By Rev. Samuel Jones, D. D.

     The elders and messengers of the several Baptist churches, per­taining to the Philadelphia Baptist Association, convened at the Great Valley, on Tuesday, October 1st, 1799.

     To the several churches to whom they relate send Christian salutation.
     Beloved Brethren, — While we lament the distress in which our me­tropolis is involved, which prevented our meeting there, yet we have the pleasure to observe that we have had a pretty general represen­tation from the churches in our connection, and a comfortable oppor­tunity, for which we desire to be thankful.

     You will see by the returns from the churches, that although it be a dark and declining day, yet the Lord has not left us without the manifestation of his power and grace, but has granted some quickening and refreshing showers of divine influence in divers places, both in our bounds and those of our sister Associations.

     Being disappointed in addressing you at this time, from the pen of that great man we last year appointed to that service, you can expect but a few general hints, imperfectly penned, in the midst of the hurry of business.

     Dr. SKILLMAN is no more! He has been removed, we trust, from his labors in the church militant to that rest which remaineth for the people of God, and though we feel and lament the loss we sustain by this heavenly visitation, yet we desire to be resigned to the divine will, in a comfortable assurance that our loss is his gain.
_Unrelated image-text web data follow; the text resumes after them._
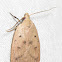 Gold-striped Leaftier Moth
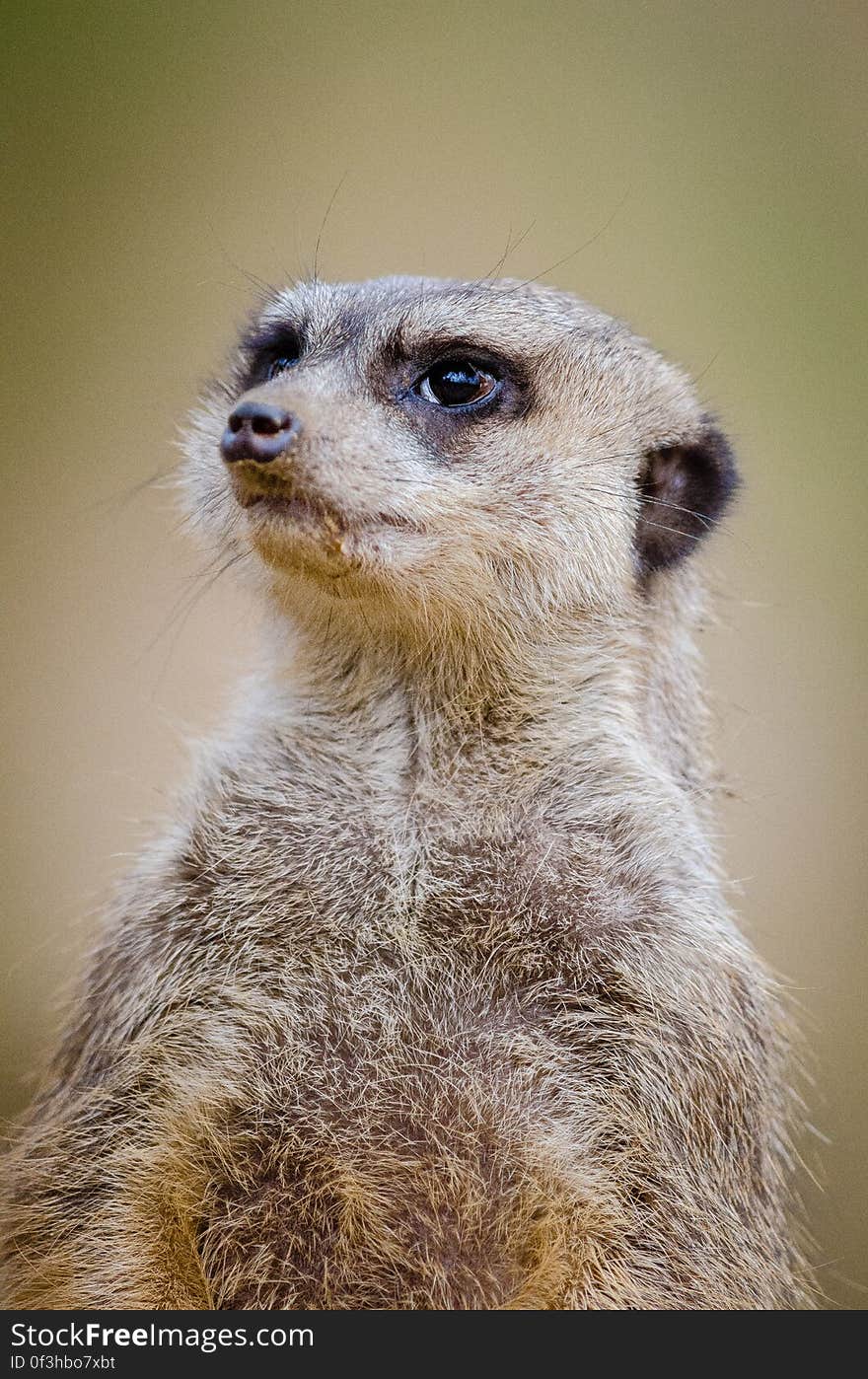 Meerkat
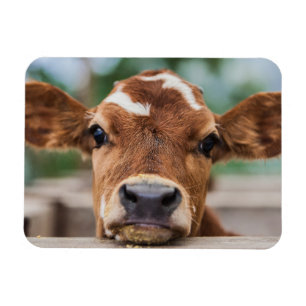 Cutest Baby djur Little Cow Calf Magnet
     When we take a view, brethren, of the number of churches desti­tute of those to go in and out before them, and break unto them the bread of life, and at the same time that there are so few likely to come forward in the ministry, while so many are removed from their posts on Zion's walls; we think it a time, when we should feel with solemn weight on our minds, the force of our blessed Lord's injunc­tion when he said, "Pray ye the Lord of the harvest, that he would send forth many laborers into his harvest," and we wish it to be more effectually impressed on each of our hearts. Yes, brethren, we beseech you all to attend seriously to this weighty consideration.
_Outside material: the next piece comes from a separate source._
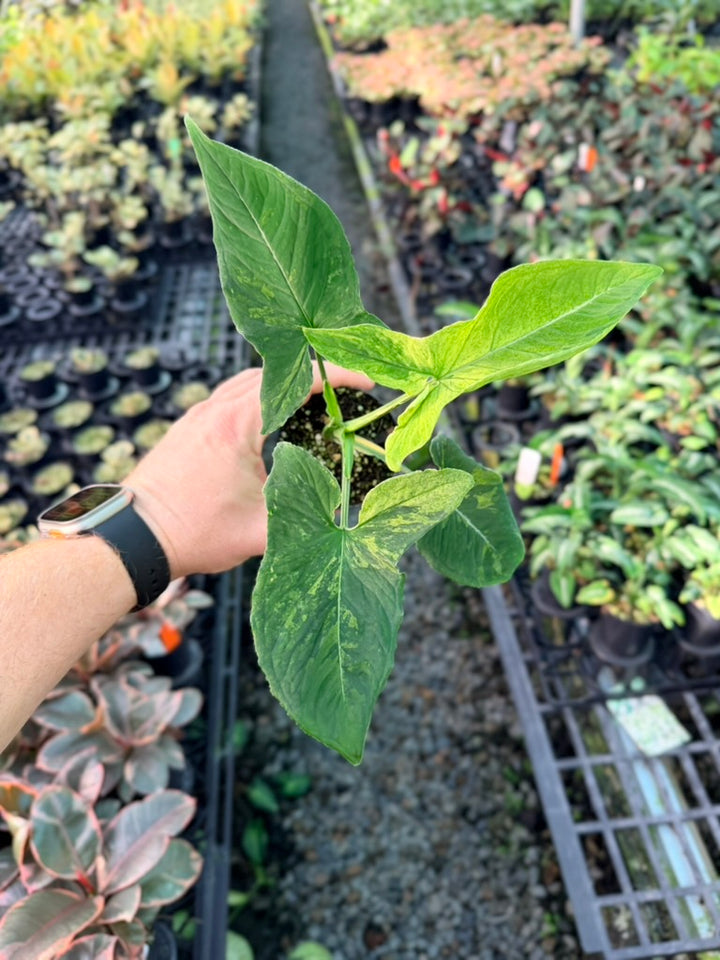 Handpicked #42 - Syngonium Wendlandii - Scrambled Eggs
     When we consider the unbounded mercies of God, the rich plays of his goodness and grace in the various dispensations of his hand, both in a spiritual and temporal way, we have the highest reason to praise and adore his holy name. May the streams of his bounty lead us to him who is the fountain of all good, may they lead us to unfeigned repentance, that shall be attended with reformation of life, and influence us to walk worthy of the high vocation wherewith we are called. How desirable to experience the shedding abroad of the constraining love of God in our hearts. Then shall we love as brethren, then shall we be moved to diligence in the use and improvement of the privileges, means and opportunities we enjoy, whereby we may grow in grace, and abound in holy zeal. How indispensable to cause our light to shine before men, that they seeing our good works may glorify our Father who is in heaven. Yes, brethren, let us, by our demeanor and deportment in life, recommend to others the holy religion we profess, as it were stamp it with the seal of reality and truth, and cause the beholders to observe, that we have been with Jesus and learned of him. Is it not of serious concern, that when the preacher explains the principles of pure and undefiled reli­gion, in regard to their native tendency to holiness and purity of life; the very professors of that religion should by their unworthy conduct, caution the hearers not to believe the preacher, and as it were testify that there was not a word of truth in what he says?
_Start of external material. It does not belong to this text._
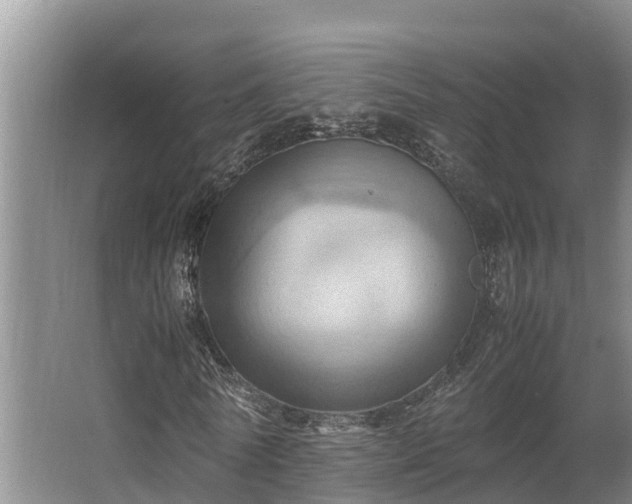 X0000064040770200602031556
     Permit us, brethren, before we close, to beseech you to bear in mind those who labor among you in word and doctrine. We beseech and intreat you to pray for them; that a door of utterance may be given unto them abundantly, and that the power of God may rest on their labors; and withal make conscience of contributing to-wards their comfortable support as God has prospered you. Finally, Brethren, farewell.

      "Now the God of peace, that brought again from the dead our Lord Jesus, that great Shepherd of the sheep, through the blood of the everlasting covenant, make you perfect in every good work, to do his will, working in you that which is well pleasing in his sight, through Jesus Christ, to whom be glory for ever and ever. Amen."


NOTE. — Crosby's History will be comprised in 4 volumes octavo, neatly bound and lettered, at six dollars, unless it should be thought more eligible to abridge the work. The sister Associations are requested to send their advice and subscriptions to the meeting of this Association in October next, or to T. Ustick, previously.

[From Philadelphia Baptist Association Minutes, 1799. The title is supplied. — jrd]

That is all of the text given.